» **Supplied data**:
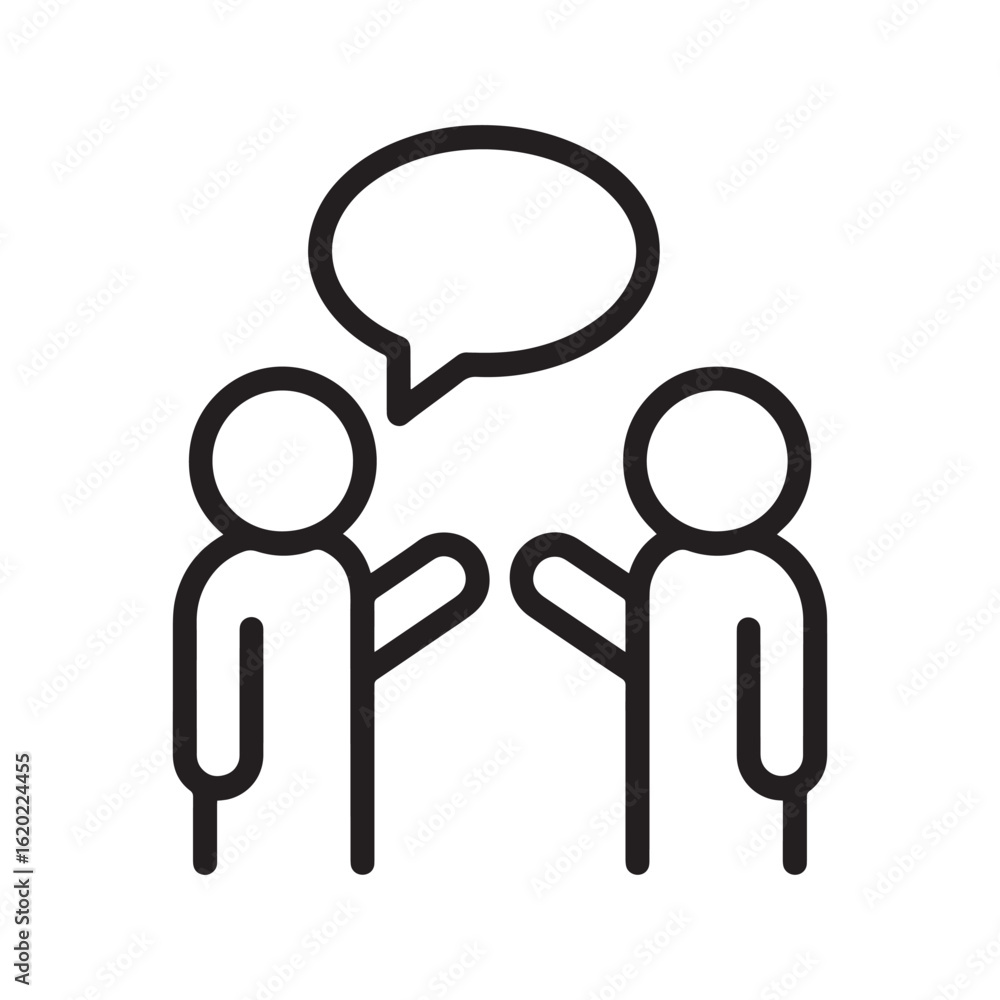 Conversation Icon. Two People Talking with a Speech Bubble. Simple Outline for Communication, Dialogue, and Meeting Conversation Icon. Two People Talking with a Speech Bubble. Simple Outline for Communication, Dialogue, and Meeting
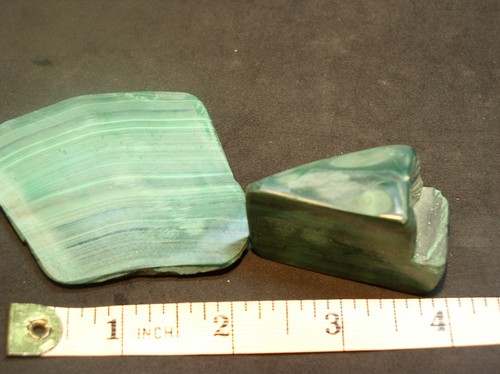 2 MALACHITE END Pieces ROUGH 111 Grams Rough Slab - Picture 3 of 3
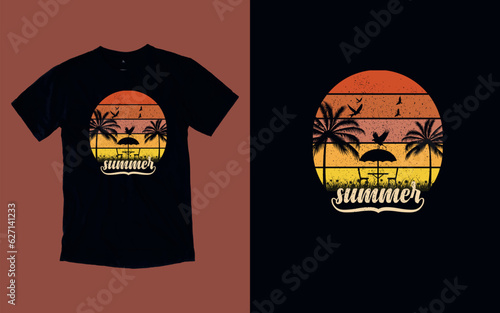 Sun-Kissed Summers, Embrace the Sunshine, Summer T-shirt Design photo
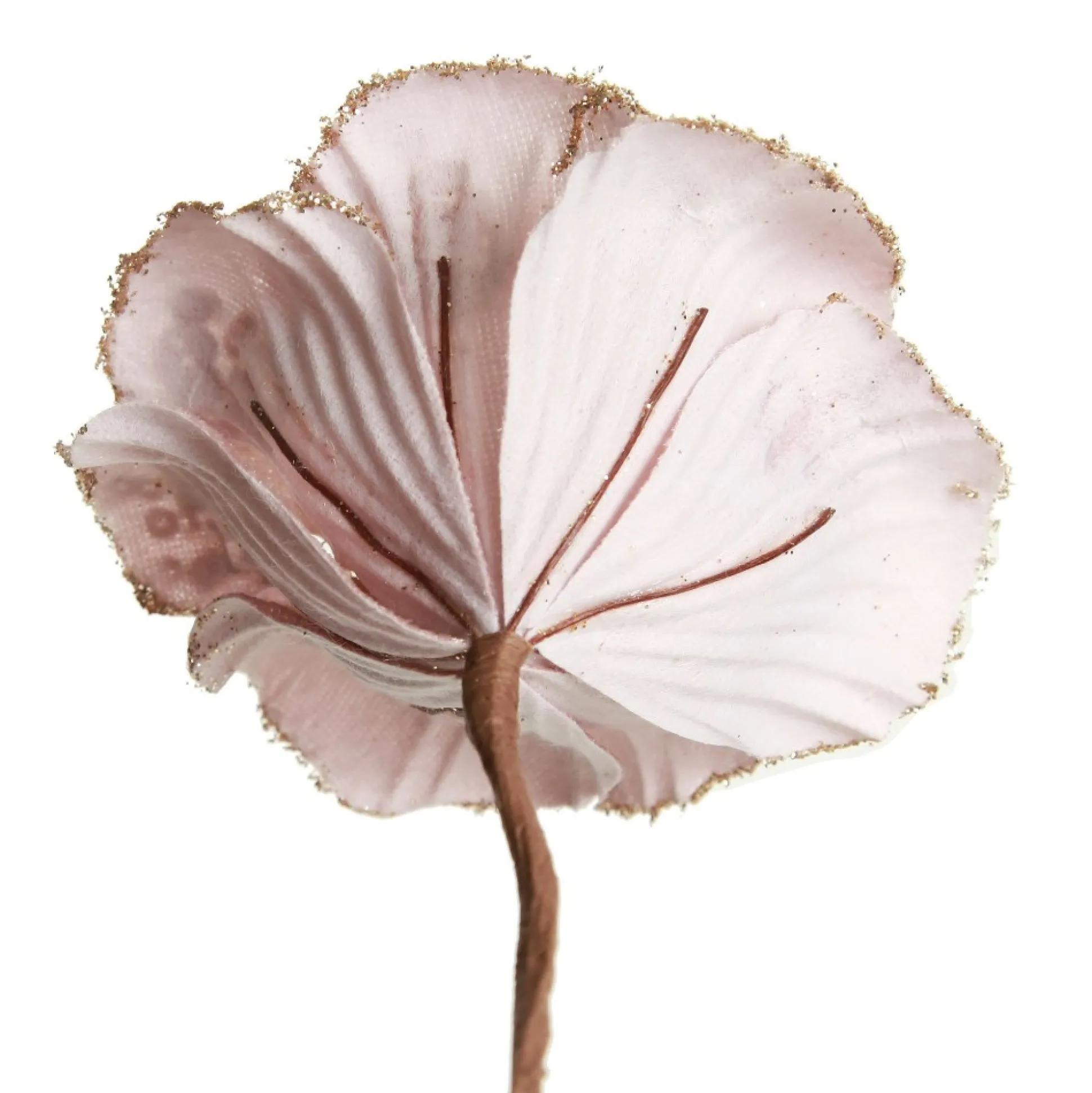 Pink Velvet Magnolia Flower with Champagne Sequin Tips Christmas Flowers|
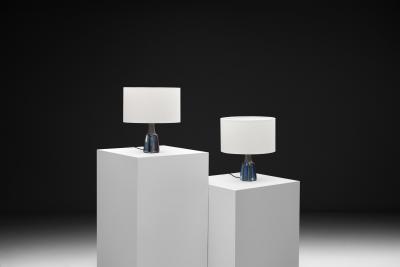 Einar Johansen 1031 Glazed Stoneware Table Lamps by Einar Johansen for S holm Denmark 1950s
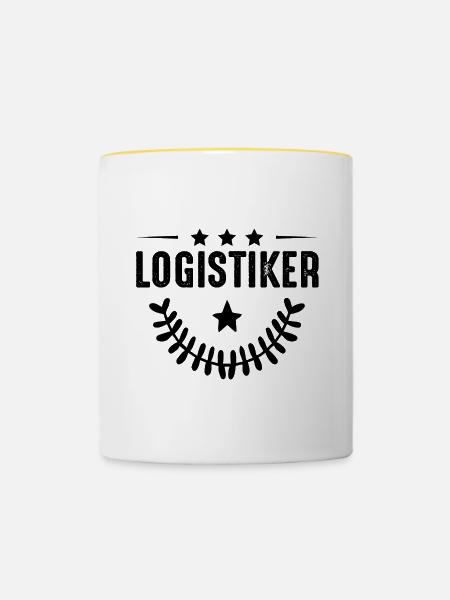 Logistiker Beruf - Tasse zweifarbig - Weiß/Gelb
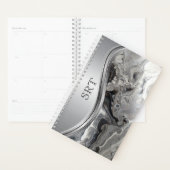 Silver Black Fluid Art Metal Monogrammed Planner (Display)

» **Directions**: Omit the pictures, then extract verbatim only those lines that fall between the line containing "Pink Velvet Magnolia" and the final line of the records above, both included.

» **Answer below**:
 Pink Velvet Magnolia Flower with Champagne Sequin Tips Christmas Flowers|
 Einar Johansen 1031 Glazed Stoneware Table Lamps by Einar Johansen for S holm Denmark 1950s
 Logistiker Beruf - Tasse zweifarbig - Weiß/Gelb
 Silver Black Fluid Art Metal Monogrammed Planner (Display)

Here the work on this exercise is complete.